Provocation can take many forms, of course, and it is far outside the scope of this article to list all the possible styles and methods that conceivably fall within the range of our verse’s instruction. Different believers will often proceed in distinctly different fashions depending on particular gift, temperament, and existing relationships. Nonetheless, each of us has an obligation before the Lord to intelligently provoke others in good and godly ways. The vital thing is the intended gracious outcome of careful forethought rather than any one particular method. Some may be provoked by our service to them, some by our example with them, and some by our leadership of them. Provocation may be entirely verbal or it may be unspoken. But scripturally, we are to be those who are thoughtfully in the business of provoking others to ever greater heights of service and devotion.
The Call to Haste
In closing, there is an interesting addition to this idea that follows in verse 25 of Hebrews 10. There we read, “and so much the more, as ye see the day approaching.”
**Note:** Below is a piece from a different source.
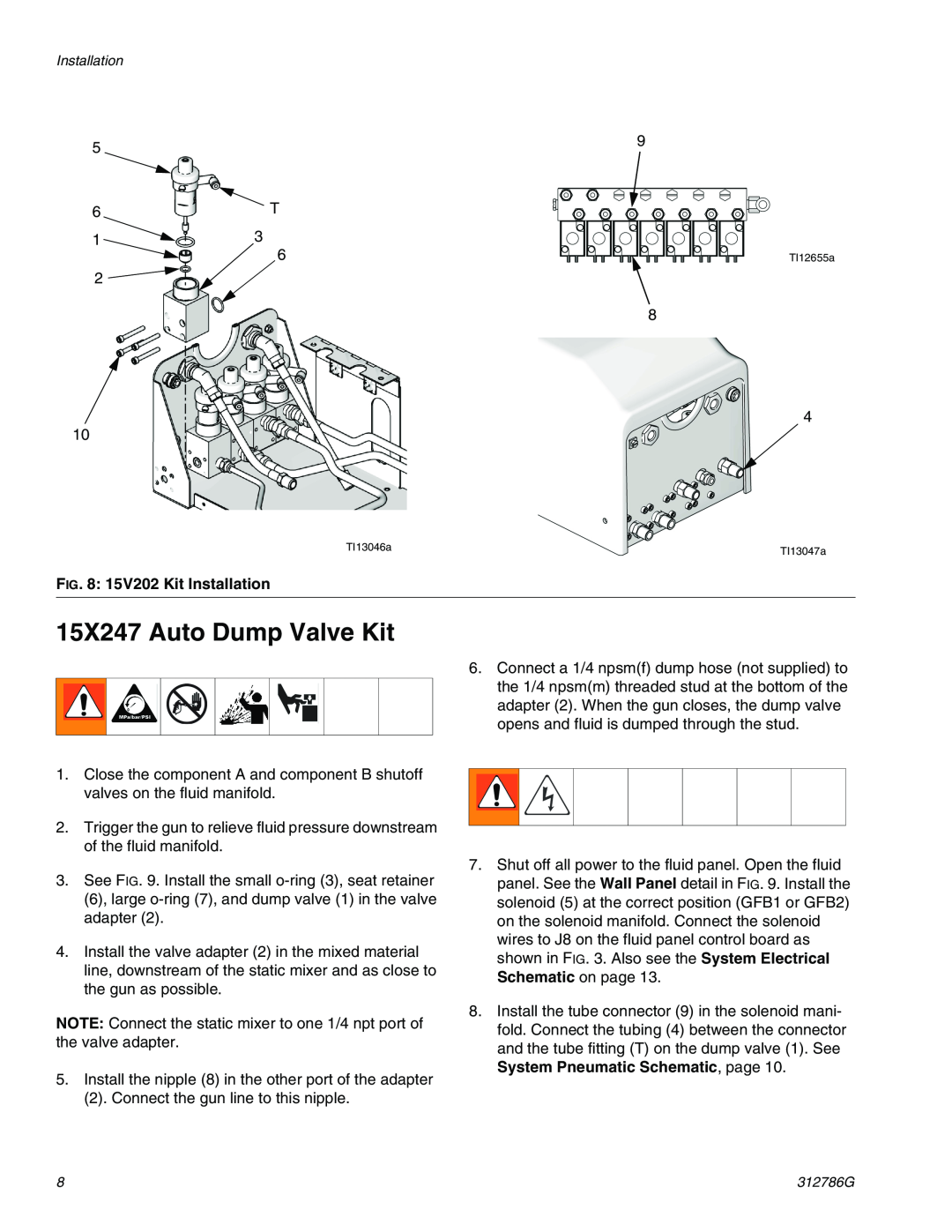 Graco TI12954a, TI12743a important safety instructions 15X247 Auto Dump Valve Kit, 15V202 Kit Installation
Perhaps the very idea of consciously choosing to set aside time to think carefully about various brothers and sisters and their specific areas of service, to pray about them, and to decisively act to enable and encourage them, is a foreign concept to you. Alternately, maybe you have long been a Christian who has carefully pondered ways of bringing the best out of your Christian family. Perhaps that tendency has been a hallmark of decades of faithful service. That’s a great—and rare—thing.
But regardless of your diligence in these things, some 2,000 years ago, the writer to the Hebrews predicted a vital need for thoughtful consideration of each other and the resulting healthy provocation it was meant to produce. He added that the need for this consideration and provocation would only escalate over time as the return of the Lord approached. He knew that some would grow cold and alienated and forsake regular gatherings and that one of the great bulwarks the Lord erected against indifference was and remains the provocation of thoughtful saints.
What is needed now and what will increasingly be needed in the dark days that lie ahead before the morning star finally arises is a renewed and growing commitment to consideration of each other and a willingness to follow through.